SUPPLIED INFORMATION: Begin

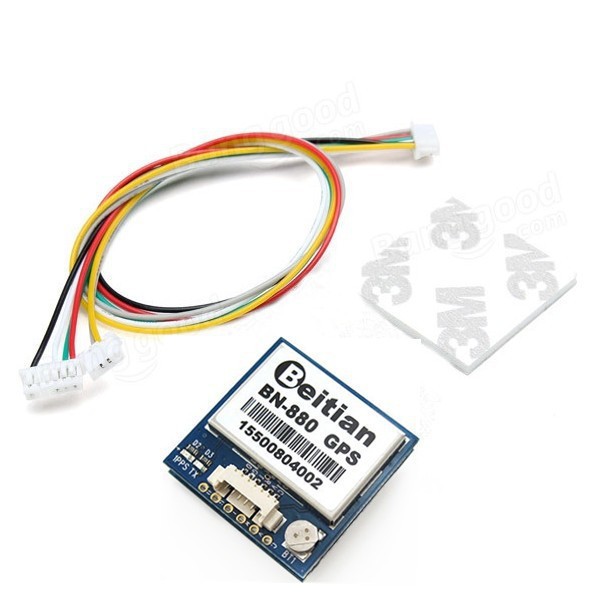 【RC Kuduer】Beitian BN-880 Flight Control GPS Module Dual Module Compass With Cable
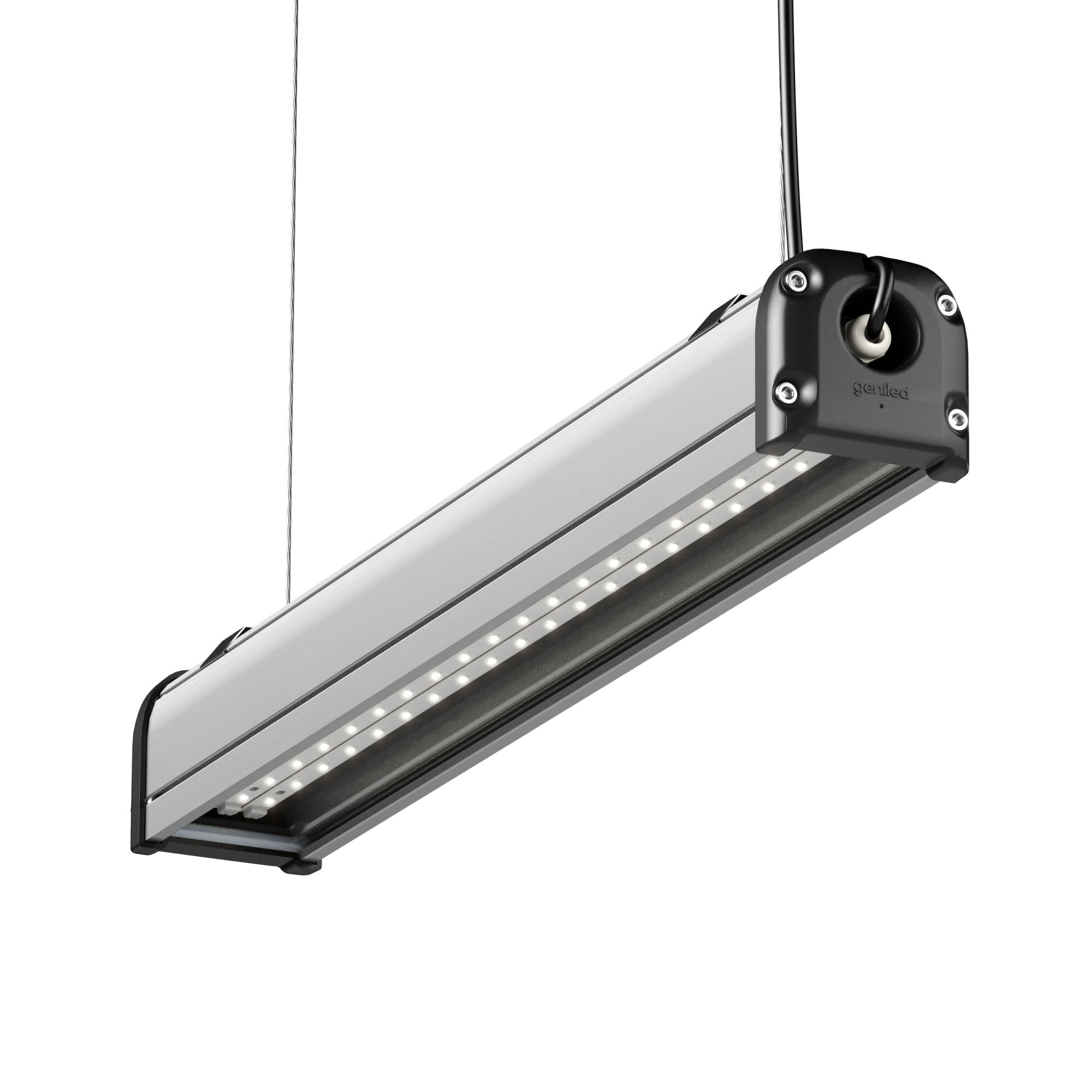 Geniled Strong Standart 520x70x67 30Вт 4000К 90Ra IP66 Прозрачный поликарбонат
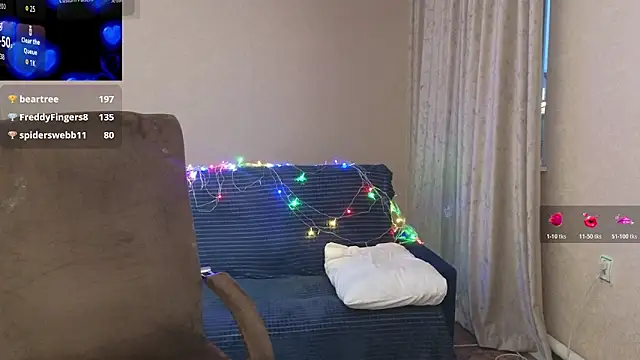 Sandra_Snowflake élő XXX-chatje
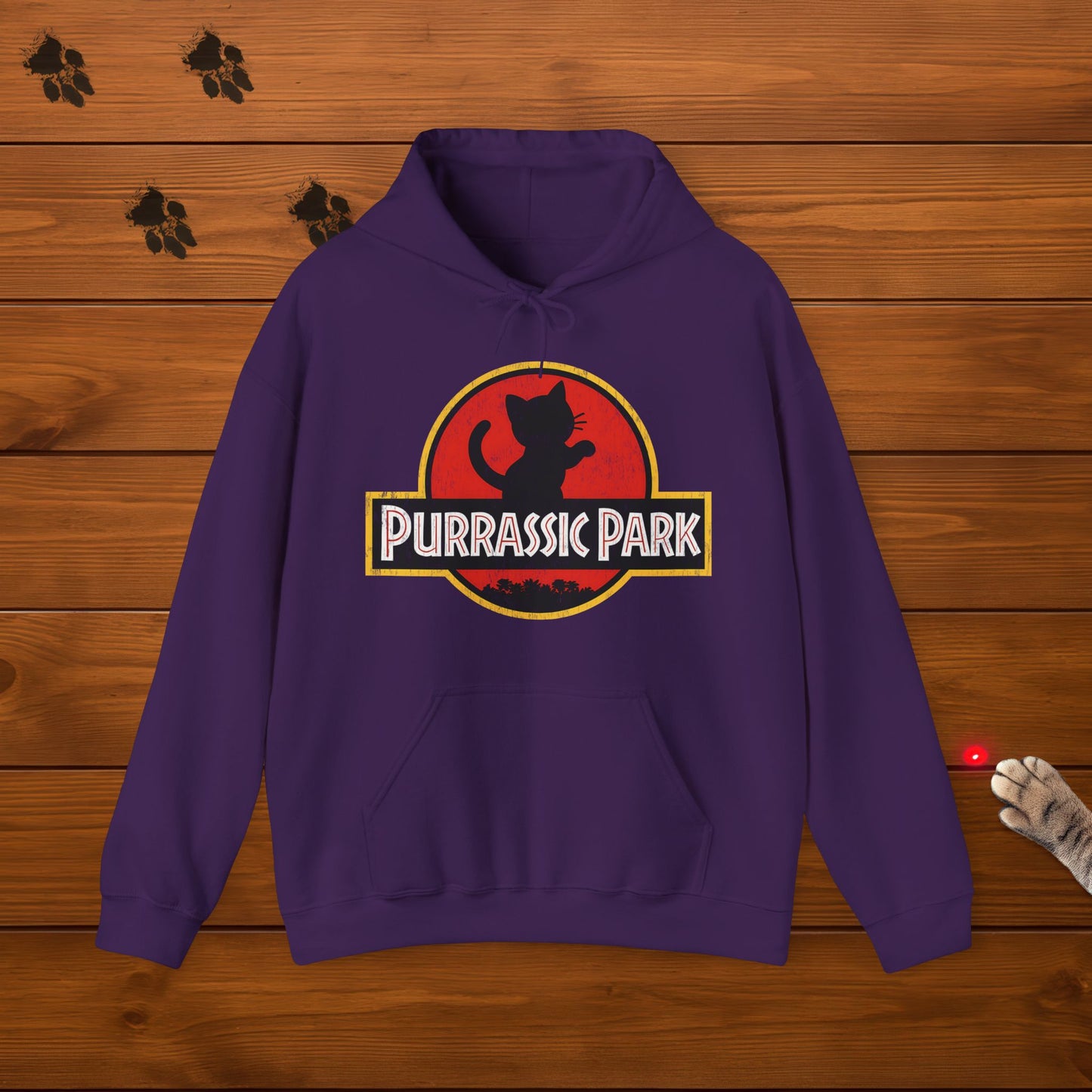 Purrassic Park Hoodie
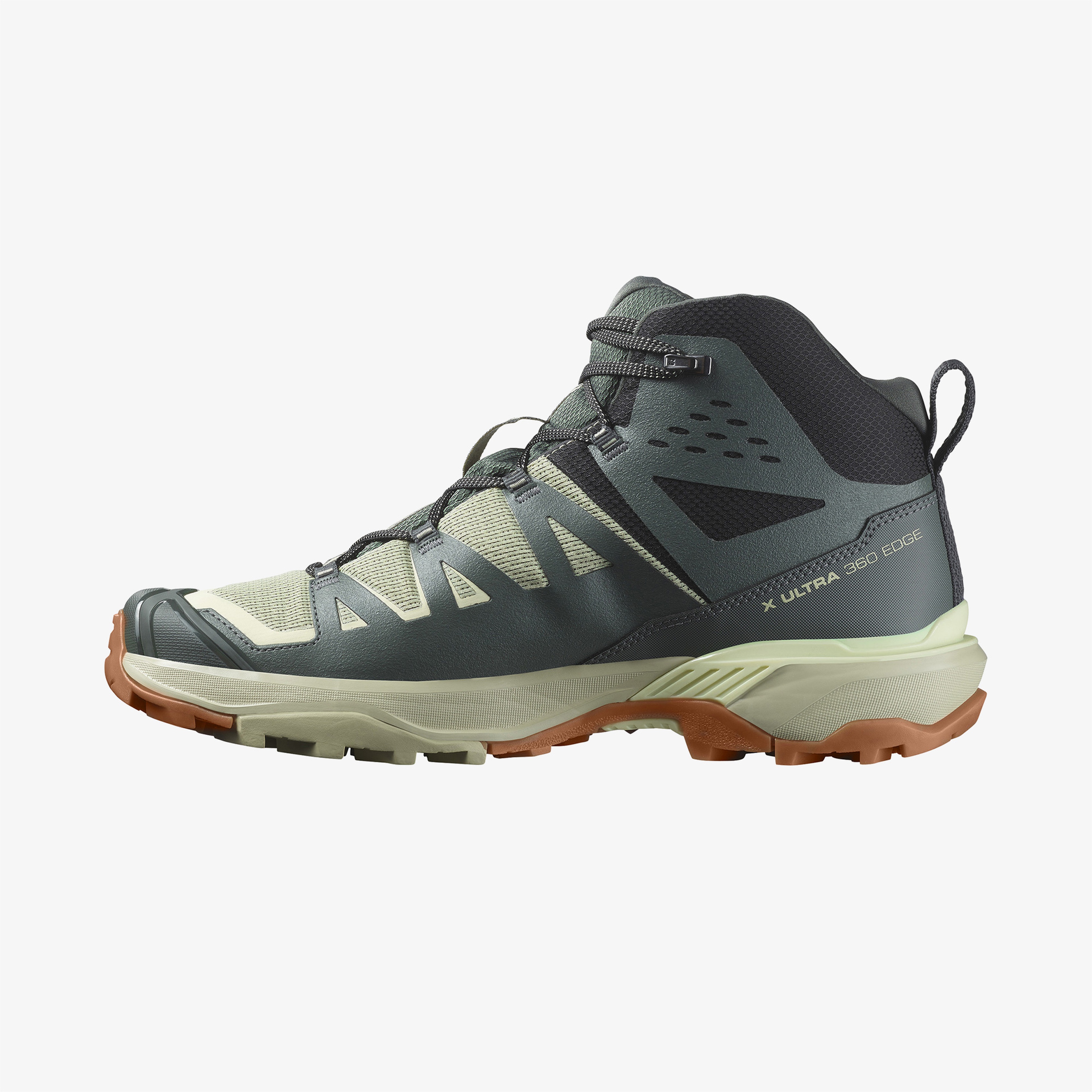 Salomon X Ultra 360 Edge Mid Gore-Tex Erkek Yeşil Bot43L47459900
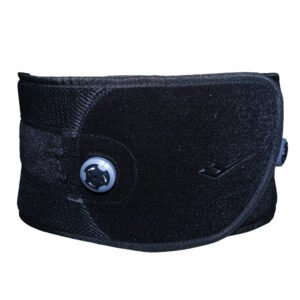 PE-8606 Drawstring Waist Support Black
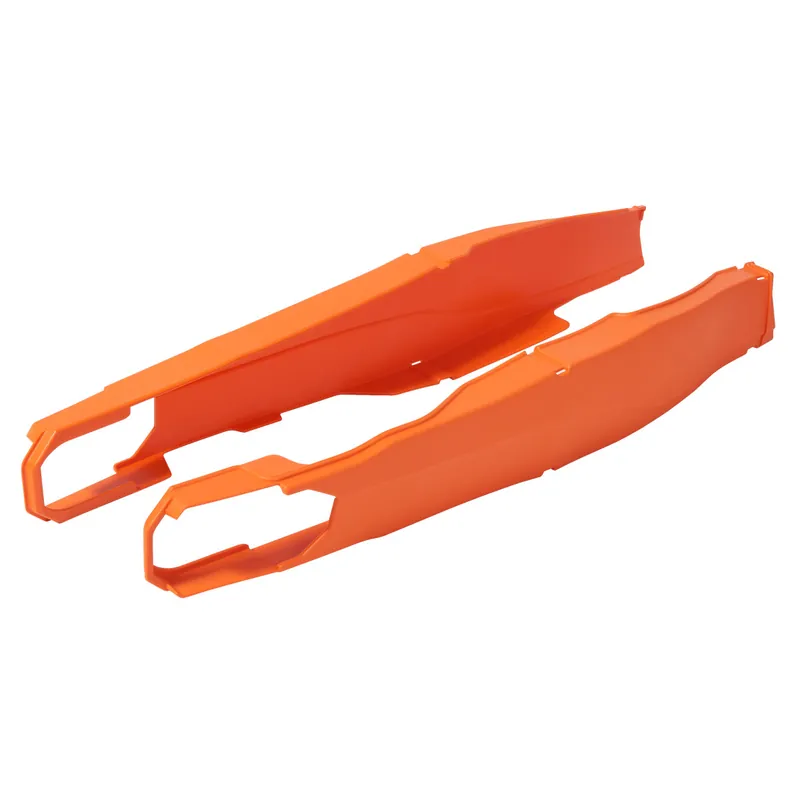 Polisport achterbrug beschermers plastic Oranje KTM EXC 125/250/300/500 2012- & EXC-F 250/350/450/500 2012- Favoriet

SUPPLIED INFORMATION: End

TASK DETAILS: Starting at the line that contains "PE-8606 Drawstring Waist Support Black", please write out every line to the end of the entries, inclusive, copied exactly and with pictures omitted.

EXERCISE SOLUTION:
 PE-8606 Drawstring Waist Support Black
 Polisport achterbrug beschermers plastic Oranje KTM EXC 125/250/300/500 2012- & EXC-F 250/350/450/500 2012- Favoriet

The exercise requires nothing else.